Moscow asserts its power. On Feb. 21, President Vladimir V. Putin of Russia signed decrees recognizing two pro-Russian breakaway regions in eastern Ukraine and ordering troops to carry out “peacekeeping functions” in those areas. In an emotional speech announcing the move, the Russian president laid claim to all of Ukraine as a country “created by Russia.”
What is next? Mr. Putin’s actions appear to be laying the groundwork for wider intervention in Ukraine. But the economic damage of Western-imposed sanctions, and the death toll of a war, might be too great a cost for Moscow to stomach.
Mr. Morse projects a decline in oil prices by the end of this year to less than $65 a barrel, with extra supplies probably coming from Iraq, Venezuela, the United States, Canada and Brazil. And a U.S.-Iran diplomatic deal could add more than one million gallons a day.
If the Federal Reserve and other central banks go ahead and tighten monetary policy to curb inflation, the economy will cool off, reducing demand for energy, all of which would add to the momentum of a reduction in energy prices, Mr. Morse said.
Hedge your bets
The economic damage caused by the conflict could spiral in unexpected ways. “The biggest danger, of course, is the unintended consequences that we’re bound to see,” Mr. Morse said.

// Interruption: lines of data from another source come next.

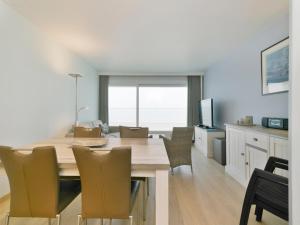 Flat in Blankenberge with Stunning Sea Views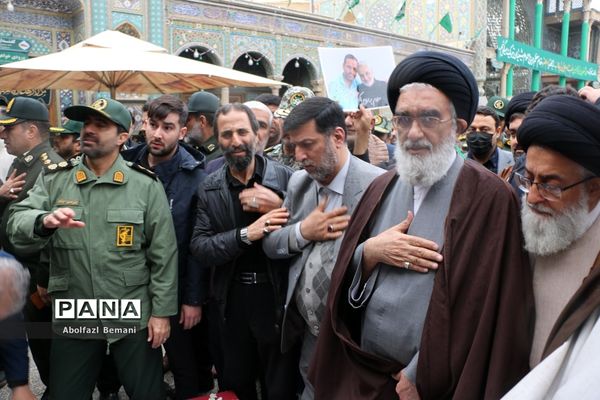 تشییع پیکر شهیدان «آقازاده نژاد» و «کریمی» در قم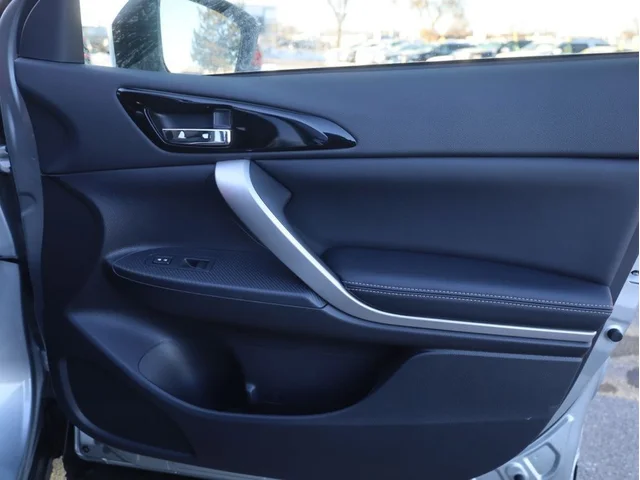 Nuevos MITSUBISHI ECLIPSE CROSS à Estados chez autogozo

Russia isn’t just a heavyweight in energy production, where it ranks third in petroleum (behind the United States and Saudi Arabia) and second in natural gas (behind the United States), according to the U.S. Energy Information Administration.
It is also one of the world’s most important producers of minerals and metals like platinum, nickel, aluminum cobalt, copper and gold and diamonds. Prices of these commodities have been rising, but that’s the least of it. Shortages of Russian commodities could cause further supply-chain bottlenecks in the United States.
Russia ranks No. 1 in production of palladium, for example, a critical component of the catalytic converters required to reduce emissions in gasoline-powered cars, whose rising prices have already contributed to a surge in American inflation. Much of Russia’s palladium is mined by Norilsk Nickel, which could be included on Western sanctions lists.
On Tuesday, Chancellor Olaf Scholz of Germany put a stop to the Nord Stream 2 natural gas pipeline linking Germany to Russia. But it will be challenging for policymakers to calibrate further sanctions and monetary policy in a manner that satisfies Western geopolitical objectives without damaging the global economy.
Economics aside, Russia’s grievances with the West have already led to a partial rapprochement with China. If that evolves into a strong alliance, it would shift the balance of global power in a direction that generations of Western strategists have tried to prevent.
“This crisis is a trip back to the future,” Ian Bremmer, president and founder of the risk consultancy firm Eurasia Group, said in a video conversation from the Munich Security Conference last week. Russia’s actions have moved the world closer to a great-power military conflict than at any time since the end of the Soviet Union.
The possibility of a confrontation between NATO forces and Russia, with its nuclear arsenal, raises the risks of the Ukraine crisis beyond rational calculation.
Even so, the markets will perform those calculations anyway.
History tells us that the worse things get, the more valuable cash and Treasuries seem. And it also says that Cold Warriors who stuck with the stock market ended up with big fat portfolios.
That’s likely to be the case in the future, too. But it’s impossible to be certain of it.